To move from production anxiety to production karma, here is a checklist to go through before going live 24/7. Make sure to perform this checklist in a shared session with the administrator.
- Load testing was performed.
- Why? This ensures that enough capacity was allocated for the environment.
- How? Set up a synthetic workload generator or replay a relevant workload. Ask the administrator to monitor your environment's capacity usage, including that related to components necessary for application logs and application metrics.
- Desired outcome: Allocated capacity is sufficient.
- Possible resolution: Ensure the application has proper resource requests and limits (see our user demo as an example).
- Load testing was performed while updating the application.
- Why? This ensures that the application can be updated without downtime.
- How? Make a trivial change to your application, e.g., add
Lorem ipsum
in the output of some API, and redeploy. - Desired outcome: Measured downtime is acceptable.
- Possible resolutions: Make sure you have the right deployment strategy. Prefer
RollingUpdate
overRecreate
. Ensure other parameters of the deployment strategy are tuned as needed.
- Load testing was performed while doing a rolling reboot of Nodes:
- Why? Node failure may cause application downtime. Said downtime can be large if it happens at night, when administrators need to wake up before they can respond. Also, administrators need some extra capacity for performing critical security updates on the base operating system of the Nodes.
- How? As above, but now ask the administrator to perform a rolling reboot of Nodes.
- Desired outcome: The measured downtime (due to Pod migration) during Node failure or drain is acceptable. Capacity is sufficient to tolerate one Node failure or drain.
- Possible resolution:
- Ensure the application has proper resource requests and limits (see our user demo for an example).
- Ensure the application has at least two replicas (see our user demo for an example).
- Ensure the application has
topologySpreadConstraints
to ensure Pods do not end up on the same Node (see our user demo for an example).
- [For multi-Zone environments] Load testing was performed while failing an entire Zone:
- Why? If a multi-Zone environment was requested, then the additional resilience must be tested. Otherwise, Zone failure may cause application downtime.
- How? As above, but now ask the administrator to fail an entire Zone.
- Desired outcome: The measured downtime (due to Pod migration) during Zone failure is acceptable. Capacity is sufficient to tolerate one Zone failure.
- Possible resolution:
- Ensure the application has proper resource requests and limits (see our user demo for an example).
- Ensure the application has at least two replicas (see our user demo for an example).
- Ensure the application has
topologySpreadConstraints
to ensure Pods do not end up on the same Zone (see our user demo for an example).
- Disaster recovery testing was performed:
- Why? This ensures that the application and platform team agreed on who backs up what, instead of ending up thinking that "backing up this thingy" is the other team's problem.
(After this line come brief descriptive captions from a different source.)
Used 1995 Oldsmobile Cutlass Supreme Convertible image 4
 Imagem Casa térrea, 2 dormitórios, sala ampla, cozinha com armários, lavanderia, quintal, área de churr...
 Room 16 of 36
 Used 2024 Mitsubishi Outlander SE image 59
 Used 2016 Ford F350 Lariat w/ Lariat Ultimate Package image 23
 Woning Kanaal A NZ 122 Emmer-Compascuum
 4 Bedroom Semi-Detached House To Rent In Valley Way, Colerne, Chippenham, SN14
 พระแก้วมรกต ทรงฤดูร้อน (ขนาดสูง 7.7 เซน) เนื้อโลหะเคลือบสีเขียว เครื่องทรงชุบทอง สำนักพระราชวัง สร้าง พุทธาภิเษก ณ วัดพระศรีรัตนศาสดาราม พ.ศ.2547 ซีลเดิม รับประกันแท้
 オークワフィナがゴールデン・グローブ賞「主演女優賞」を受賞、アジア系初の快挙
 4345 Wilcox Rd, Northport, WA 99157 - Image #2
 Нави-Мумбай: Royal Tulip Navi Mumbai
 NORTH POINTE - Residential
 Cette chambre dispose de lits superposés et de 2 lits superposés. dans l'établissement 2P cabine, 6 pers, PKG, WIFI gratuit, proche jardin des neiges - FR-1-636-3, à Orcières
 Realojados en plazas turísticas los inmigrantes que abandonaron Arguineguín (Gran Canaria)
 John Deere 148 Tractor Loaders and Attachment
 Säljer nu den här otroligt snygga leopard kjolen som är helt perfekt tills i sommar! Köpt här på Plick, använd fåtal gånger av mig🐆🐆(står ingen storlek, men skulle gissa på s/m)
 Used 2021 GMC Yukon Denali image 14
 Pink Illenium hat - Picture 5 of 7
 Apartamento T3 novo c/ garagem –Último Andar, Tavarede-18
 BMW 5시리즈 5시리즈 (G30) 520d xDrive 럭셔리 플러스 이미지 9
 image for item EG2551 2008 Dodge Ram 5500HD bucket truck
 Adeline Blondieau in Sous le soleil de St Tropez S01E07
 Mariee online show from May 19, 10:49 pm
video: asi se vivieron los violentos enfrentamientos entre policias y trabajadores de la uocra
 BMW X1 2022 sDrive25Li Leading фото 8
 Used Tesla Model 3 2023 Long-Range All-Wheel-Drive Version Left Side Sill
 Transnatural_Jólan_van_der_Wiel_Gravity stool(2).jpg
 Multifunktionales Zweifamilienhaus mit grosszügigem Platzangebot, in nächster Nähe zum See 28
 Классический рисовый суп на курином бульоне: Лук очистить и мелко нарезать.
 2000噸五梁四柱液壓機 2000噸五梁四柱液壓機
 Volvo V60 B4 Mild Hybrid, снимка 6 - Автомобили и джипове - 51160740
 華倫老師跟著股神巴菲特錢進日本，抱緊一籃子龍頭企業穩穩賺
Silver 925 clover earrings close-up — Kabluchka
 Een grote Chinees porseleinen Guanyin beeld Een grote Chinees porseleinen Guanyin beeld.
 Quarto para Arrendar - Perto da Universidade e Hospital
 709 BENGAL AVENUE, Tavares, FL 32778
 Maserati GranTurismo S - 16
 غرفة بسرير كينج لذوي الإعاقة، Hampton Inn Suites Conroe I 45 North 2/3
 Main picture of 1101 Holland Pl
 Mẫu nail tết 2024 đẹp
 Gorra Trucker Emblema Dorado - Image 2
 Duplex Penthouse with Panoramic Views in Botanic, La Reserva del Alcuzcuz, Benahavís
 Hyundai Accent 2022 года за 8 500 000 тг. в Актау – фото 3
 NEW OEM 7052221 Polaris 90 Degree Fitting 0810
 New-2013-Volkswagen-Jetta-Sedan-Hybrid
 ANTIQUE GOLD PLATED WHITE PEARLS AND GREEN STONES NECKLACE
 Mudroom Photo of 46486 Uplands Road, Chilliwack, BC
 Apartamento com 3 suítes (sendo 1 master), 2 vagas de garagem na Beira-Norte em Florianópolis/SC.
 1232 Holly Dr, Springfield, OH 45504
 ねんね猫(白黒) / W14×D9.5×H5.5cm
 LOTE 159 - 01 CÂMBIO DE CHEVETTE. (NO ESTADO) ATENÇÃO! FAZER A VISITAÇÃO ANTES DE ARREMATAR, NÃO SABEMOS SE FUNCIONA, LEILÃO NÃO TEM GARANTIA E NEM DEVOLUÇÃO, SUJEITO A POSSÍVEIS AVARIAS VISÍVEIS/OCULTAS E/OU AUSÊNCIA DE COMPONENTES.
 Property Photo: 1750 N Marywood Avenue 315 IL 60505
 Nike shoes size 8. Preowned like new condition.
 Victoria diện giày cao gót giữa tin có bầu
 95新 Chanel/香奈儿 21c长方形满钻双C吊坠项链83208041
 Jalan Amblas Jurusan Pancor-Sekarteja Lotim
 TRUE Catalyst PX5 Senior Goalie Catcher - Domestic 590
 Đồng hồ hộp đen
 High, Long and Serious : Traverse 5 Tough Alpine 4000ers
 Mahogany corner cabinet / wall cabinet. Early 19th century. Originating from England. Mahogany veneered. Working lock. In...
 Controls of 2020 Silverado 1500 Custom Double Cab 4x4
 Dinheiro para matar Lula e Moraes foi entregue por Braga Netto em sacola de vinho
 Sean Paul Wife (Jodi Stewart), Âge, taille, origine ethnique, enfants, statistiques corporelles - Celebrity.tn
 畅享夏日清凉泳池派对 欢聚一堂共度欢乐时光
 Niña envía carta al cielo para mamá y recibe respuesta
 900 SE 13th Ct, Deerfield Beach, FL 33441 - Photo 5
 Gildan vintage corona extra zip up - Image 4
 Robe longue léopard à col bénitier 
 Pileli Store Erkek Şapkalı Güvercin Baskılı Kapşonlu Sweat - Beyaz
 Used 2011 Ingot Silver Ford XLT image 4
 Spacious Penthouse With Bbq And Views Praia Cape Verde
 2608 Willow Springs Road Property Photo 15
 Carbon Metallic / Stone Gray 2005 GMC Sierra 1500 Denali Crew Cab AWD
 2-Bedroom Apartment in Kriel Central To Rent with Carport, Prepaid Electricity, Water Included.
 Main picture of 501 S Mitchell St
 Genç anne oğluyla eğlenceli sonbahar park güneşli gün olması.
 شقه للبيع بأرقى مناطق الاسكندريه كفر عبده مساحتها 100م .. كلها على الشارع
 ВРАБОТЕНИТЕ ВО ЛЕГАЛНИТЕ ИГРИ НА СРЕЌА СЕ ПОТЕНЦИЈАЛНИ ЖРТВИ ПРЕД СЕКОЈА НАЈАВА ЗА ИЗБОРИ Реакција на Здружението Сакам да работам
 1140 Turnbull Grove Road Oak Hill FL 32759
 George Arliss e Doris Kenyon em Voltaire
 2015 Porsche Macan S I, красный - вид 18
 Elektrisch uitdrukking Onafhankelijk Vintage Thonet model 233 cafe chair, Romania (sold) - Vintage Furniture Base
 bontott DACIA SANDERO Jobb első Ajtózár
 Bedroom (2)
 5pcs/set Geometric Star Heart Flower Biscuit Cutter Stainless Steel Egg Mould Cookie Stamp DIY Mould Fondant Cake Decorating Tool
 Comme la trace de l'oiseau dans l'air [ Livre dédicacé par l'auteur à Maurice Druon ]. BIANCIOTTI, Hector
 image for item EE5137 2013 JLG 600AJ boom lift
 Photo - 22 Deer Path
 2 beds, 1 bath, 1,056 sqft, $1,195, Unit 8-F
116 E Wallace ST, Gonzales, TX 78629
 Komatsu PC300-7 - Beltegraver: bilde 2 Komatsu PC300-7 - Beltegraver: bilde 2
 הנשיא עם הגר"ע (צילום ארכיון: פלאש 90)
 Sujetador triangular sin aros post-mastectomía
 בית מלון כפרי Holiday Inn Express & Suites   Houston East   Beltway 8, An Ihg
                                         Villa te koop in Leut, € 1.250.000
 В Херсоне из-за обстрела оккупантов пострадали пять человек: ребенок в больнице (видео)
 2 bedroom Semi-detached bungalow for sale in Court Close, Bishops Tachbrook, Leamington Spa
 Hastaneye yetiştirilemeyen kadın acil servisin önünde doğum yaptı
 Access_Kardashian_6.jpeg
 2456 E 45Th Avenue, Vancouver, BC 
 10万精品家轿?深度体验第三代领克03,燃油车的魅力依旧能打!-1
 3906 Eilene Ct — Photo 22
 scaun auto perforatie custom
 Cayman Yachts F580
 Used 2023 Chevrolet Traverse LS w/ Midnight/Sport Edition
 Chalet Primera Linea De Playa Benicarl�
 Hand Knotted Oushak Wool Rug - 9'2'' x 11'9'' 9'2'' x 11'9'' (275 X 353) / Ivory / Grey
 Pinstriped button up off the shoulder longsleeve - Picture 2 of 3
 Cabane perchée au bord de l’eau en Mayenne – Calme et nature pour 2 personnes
- How? Ask the administrator to destroy the environment and restore from off-site backups. Check if your application is back up and its data is restored as expected.
- Desired outcome: Measured recovery point and recovery time is acceptable.
- Possible resolution: Ensure you store application either in PersistentVolumes -- these are backed up by default in Welkin -- or a managed database hosted inside Welkin.
- Redeployment of the application from scratch works.
- Why? This ensures that no tribal knowledge exists and your Git repository is truly the only source of truth.
- How? Ask your administrator to "reset" the environment, i.e., remove all container images, remove all cached container images, remove all Kubernetes resources, etc. Redeploy your application.
- Desired outcome: Measured setup time is acceptable.
- Possible resolutions: Make sure to add all code and Kubernetes manifests to your Git repository. Make sure that relevant documentation exists.